When friends discover that I am pregnant, their first reaction is to say, “Congratulations!” Their second is to ask, “Are you going to find out the sex? Apparently you can now, with a simple test, at as early as 12 weeks!”
The honest answer is, “It depends how much that costs.”
When my husband and I conceived our first child, who is now three, we didn’t have to concern ourselves with the nitty-gritty of the price of individual tests. My husband was was a corporate lawyer at a Manhattan firm with a view of the Statue of Liberty out of his office window. I worked in development at a half-century-old non-profit. Both of us enjoyed benefit packages that included health insurance.
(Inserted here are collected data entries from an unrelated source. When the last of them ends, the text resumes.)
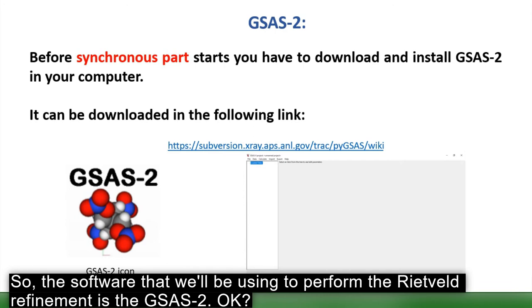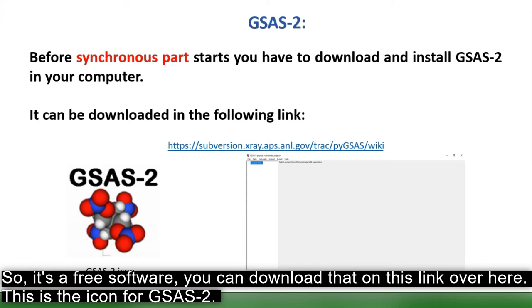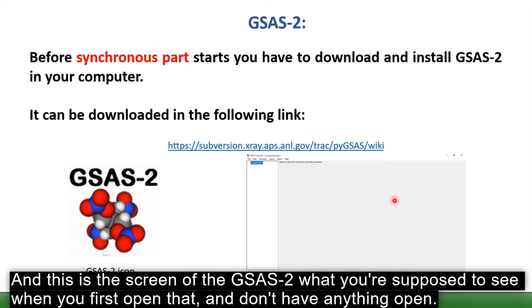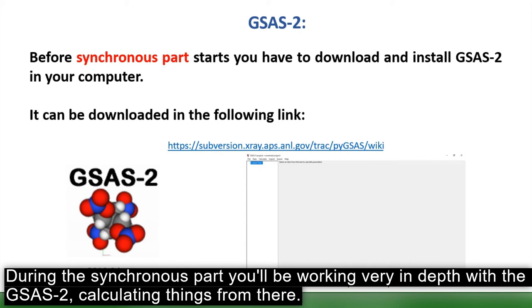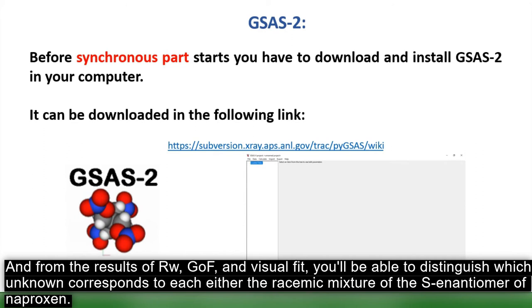The software used to perform the Rietveld refinement is GSAS-2, a free software available at the link shown here. This is the GSAS-2 icon, and this is the opening screen. During the synchronous session, we will work in depth with GSAS-2, and from the Rwp, goodness of fit, and visual fit results, we will identify which unknown corresponds to the racemic mixture or the S-enantiomer of naproxen.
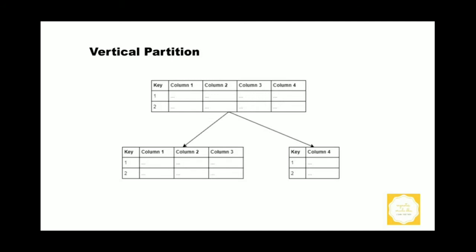It involves creating tables with fewer columns and using additional tables to store the remaining columns. Normalization also involves this splitting of columns across tables, but vertical partitioning goes beyond that and partitions columns even when already normalized.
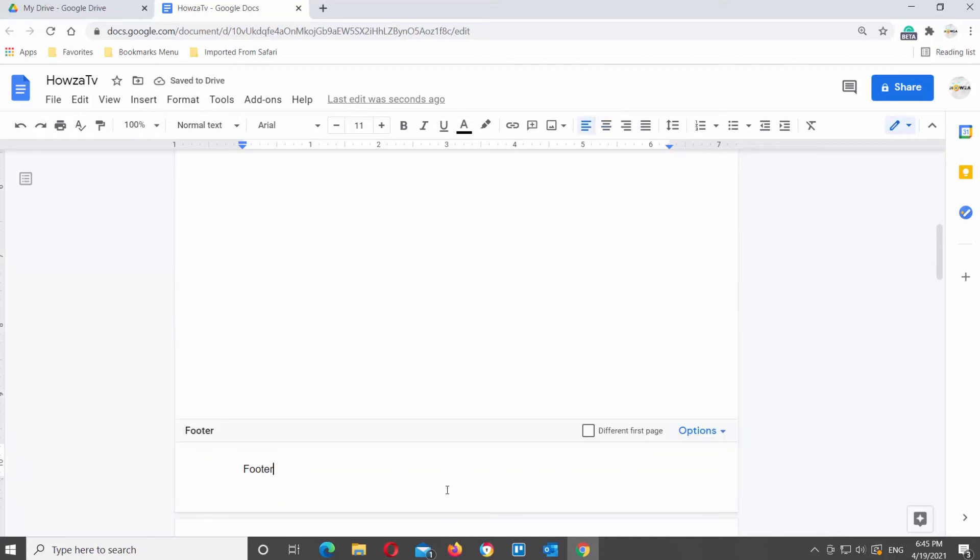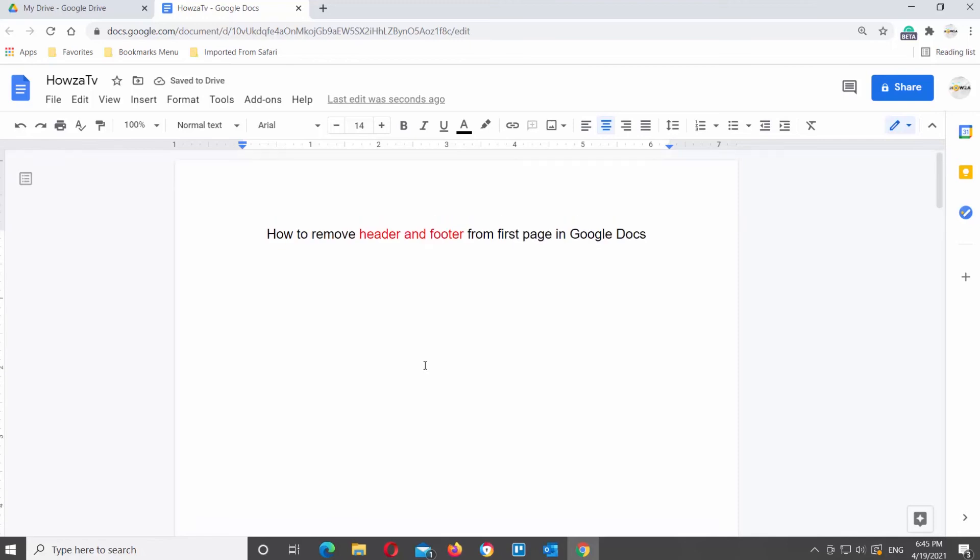If you disable different first page option in the header and footer, they will appear on the first page.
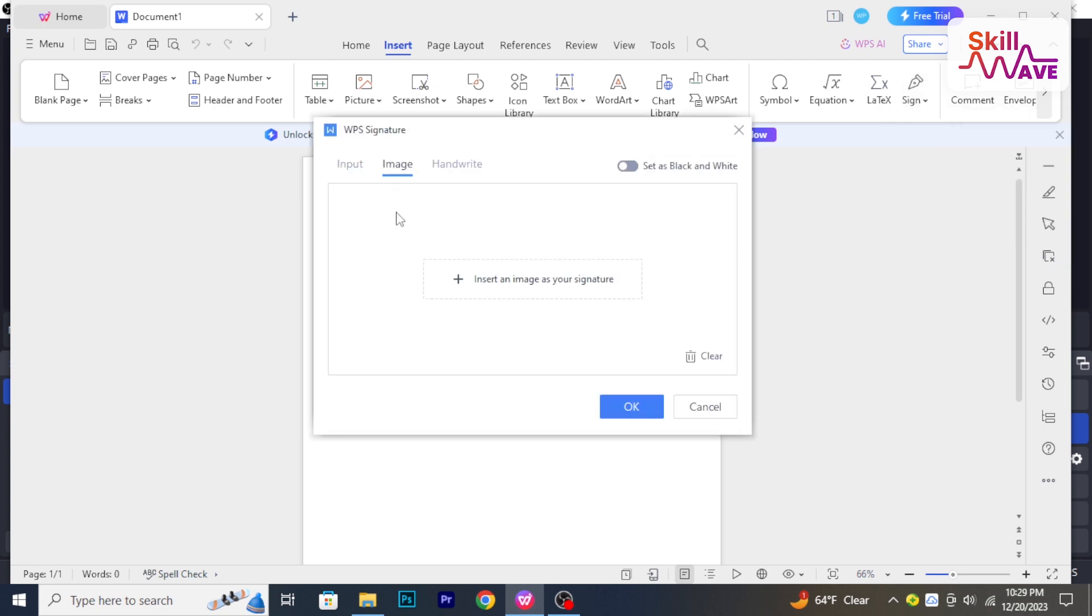In the image section, you can insert an image as your signature. Add the image, and after that, click on OK. So now you've got your signature in WPS Office. Hope you found this tutorial helpful. Stay tuned for more.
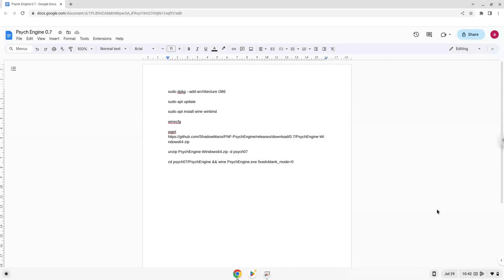Hello. Today we are looking at how to install Psych Engine on a Chromebook. Please take note that you need a Chromebook with an Intel or AMD processor.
My first ob-gyn doctor was a businesslike Russian on Manhattan’s Upper East Side affiliated with Lenox Hill Hospital (of Beyonce and Blue Ivy fame). She didn’t ask me if I was interested in tests; she proceeded on the assumption that I wanted the best informed, most monitored pregnancy the money of my insurance company could buy. She piled on the screenings and the sonograms.
Later in my pregnancy, I switched to the Park Slope Midwives. There everything was calmer, more low-tech. I wondered how many bills my original doctor racked up on my behalf demonstrating that everything going on in and around my uterus was perfectly normal, but it didn’t affect me too much. After all, I wasn’t the one paying the price.
Nearly four years later, my husband’s and my situation is quite different, and prices will affect us a great deal.
We have both struck out on our own: Two years ago, to become a full-time freelance writer and editor, in my case, and one year ago, to pursue a different and far less lucrative career passion, in his. Though we were afraid of trying to make these new career paths work in New York City and raise a child at the same time, we were bolstered by our faith in each other, the savings we had managed to accumulate over 10 years of frugal living, and the idea that neither of us wanted to wake up at age 45 and wonder why we felt unfulfilled. And, perhaps most importantly, we were bolstered by Obamacare.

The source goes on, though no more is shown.